Three architectures discussed and tested to serve delta tables
1. Introduction
Delta tables in a medallion architecture are generally used to create data products. These data products are used for data science, data analytics, and reporting. However, a common question is to also expose data products via REST APIs. The idea is to embed these APIs in web apps with more strict performance requirements. Important questions are as follows:
- Is reading data from delta tables fast enough to serve web apps?
- Is a compute layer needed to make solution more scalable?
- Is a storage layer needed to achieve strict performance requirements?
To deep-dive on these questions, three architectures are evaluated as follows: architecture A — libraries in API, architecture B — compute layer, and architecture C — storage layer. See also image below.
In the remainder of the blog post, the three architectures are described, deployed and tested. Then a conclusion is made.
2. Architecture description
2.1 Architecture A: Libraries in API using DuckDB and PyArrow
In this architecture, APIs are directly connecting to delta tables and there is no compute layer in between. This implies that data is analyzed by using the memory and compute of the API itself. To improve performance, Python libraries of embedded database DuckDB and PyArrow are used. These libraries make sure that only relevant data is loaded (e.g. only columns that are needed by the API).
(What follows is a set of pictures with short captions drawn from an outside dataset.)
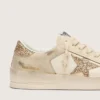 Zapatillas Stardan para mujer en piel napa color crudo con estrella dorada brillante y lengüeta en el talón
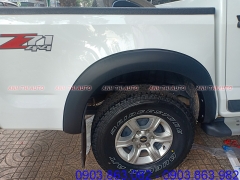 ỐP CUA LỐP XE COLORADO 2019 KIỂU TRƠN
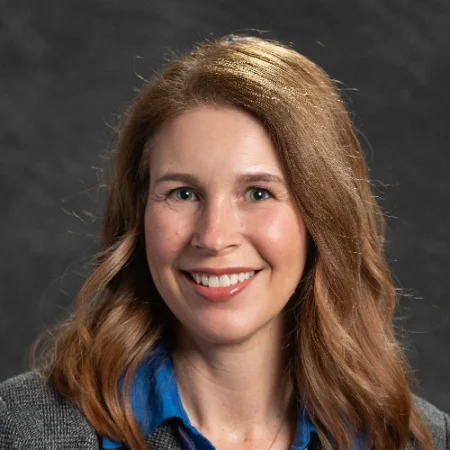 Julie Moyer Headshot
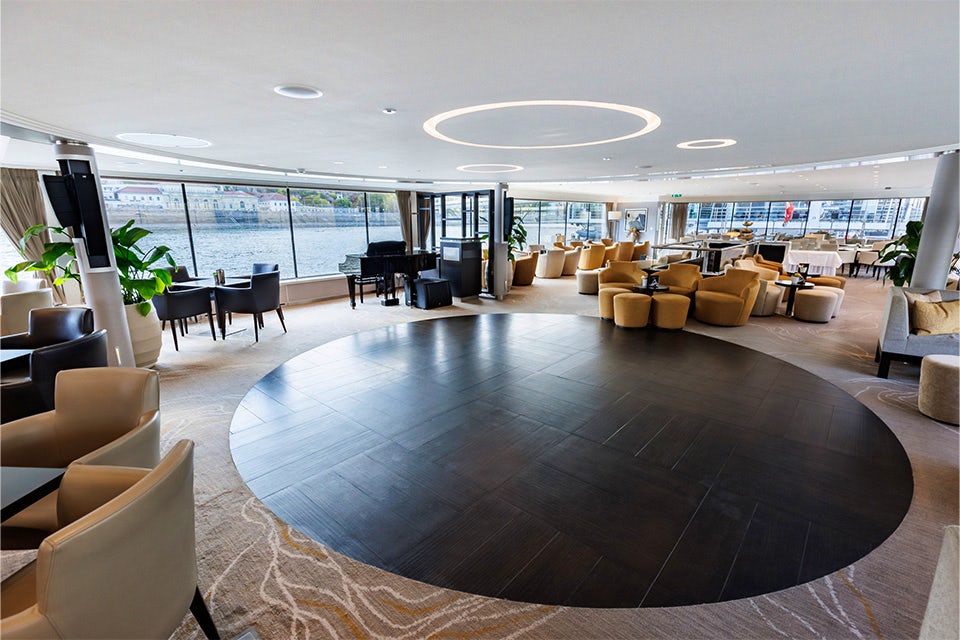 Entertainment on the Avalon Passion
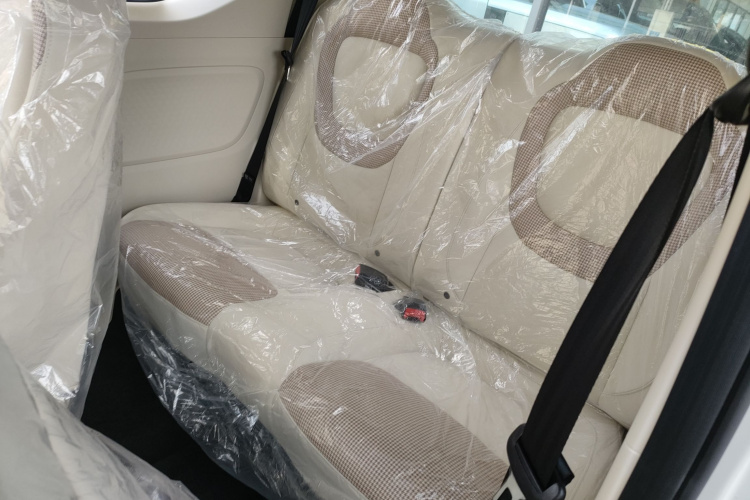 五菱汽车 宏光MINIEV 2024款 第三代 215km 青春版中控内饰21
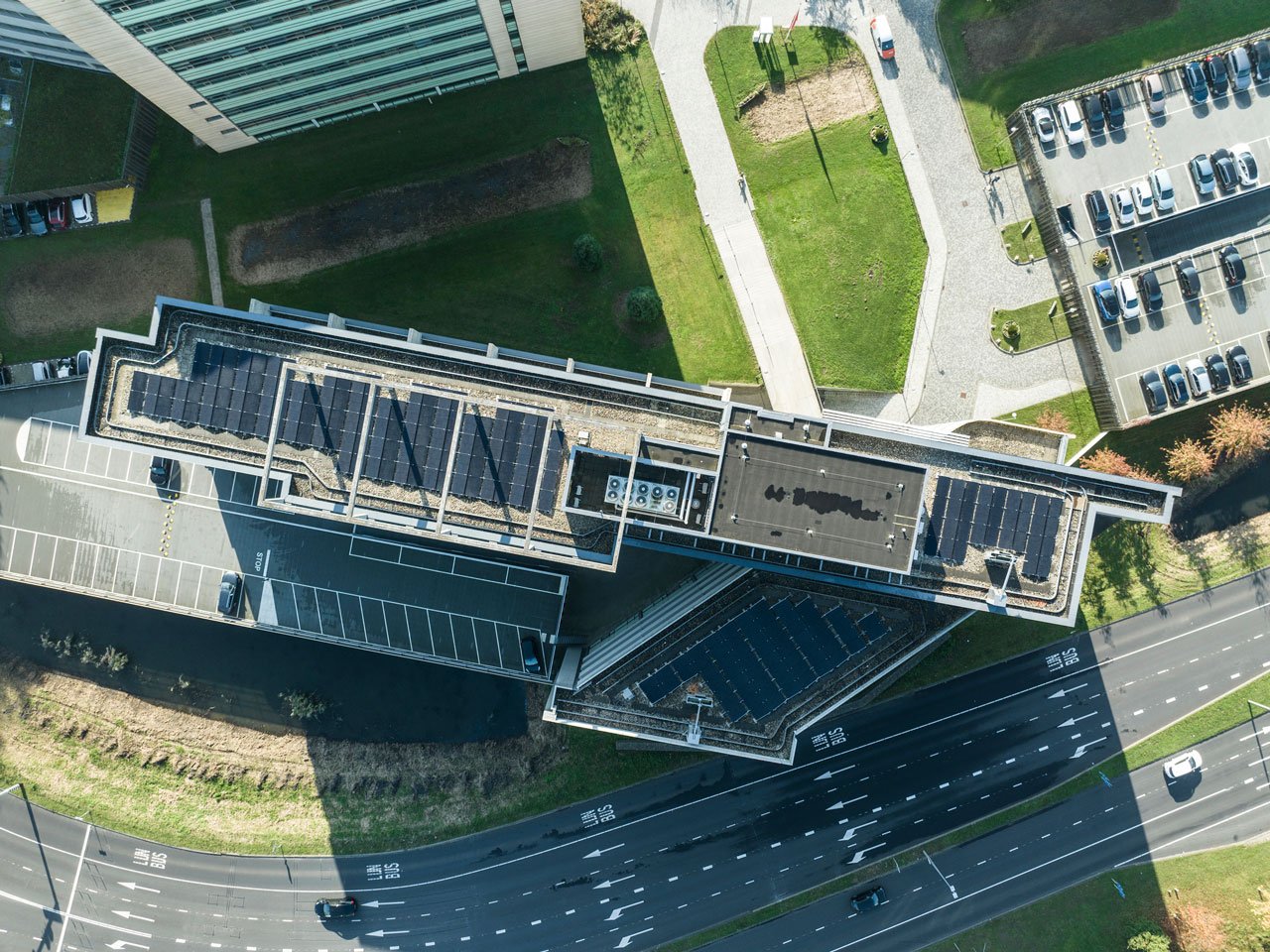 Zonnepanelen op Gebouw-A Secoya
The pro of this architecture is that data does not have to be duplicated and there is no layer needed in between the API and the delta tables. This means less moving parts.
The con of this architecture is that it’s harder to scale and all of the work needs to be done in the compute and memory of the API itself. This is especially challenging if a lot of data needs to be analyzed. This can come from many records, large columns and/or a lot of concurrent requests.
2.2 Architecture B: Compute layer using Synapse, Databricks, or Fabric
In this architecture, APIs are connecting to a compute layer and not directly to the delta tables. This compute layer fetches data from delta tables and then analyzes the data. The compute layer can be Azure Synapse, Azure Databricks, or Microsoft Fabric and typically scales well. The data is not duplicated to the compute layer, though caching can be applied in the compute layer. In the remaining of this blog there is tested with Synapse Serverless.
The pro of this architecture is that the data does not have to be duplicated and the architecture scales well. Furthermore, it can be used to crunch large datasets.
The con of this architecture is that an additional layer is needed between the API and the delta tables. This means that more moving parts have to be maintained and secured.
2.3 Architecture C: Optimized storage layer using Azure SQL or Cosmos DB
In this architecture, APIs are not connecting to delta tables, but to a different storage layer in which the delta tables are duplicated. The different storage layer can be Azure SQL or Cosmos DB. The storage layer can be optimized for fast retrieval of data. In the remainder of this blog there is tested with Azure SQL.
The pro of this architecture is that the storage layer can be optimized to read data fast using indexes, partitioning and materialized views. This is typically a requirement in scenarios of request-response web apps.
The con of this architecture is that data needs to be duplicated and an additional layer is needed between the API and the delta tables. This means that more moving parts need to be maintained and secured.
In the remainder of the blog the architectures are deployed and tested.
3. Deployment and testing of architectures
3.1 Deploying architectures
To deploy the architectures, a GitHub project is created that deploys the three solutions as discussed in the previous chapter. The project can be found in the link below:
https://github.com/rebremer/expose-deltatable-via-restapi
The following will be deployed when the GitHub project is executed:
- A delta table originating from standard test dataset WideWorldImporterdDW full. The test dataset consists of 50M records and 22 columns with 1 large description column.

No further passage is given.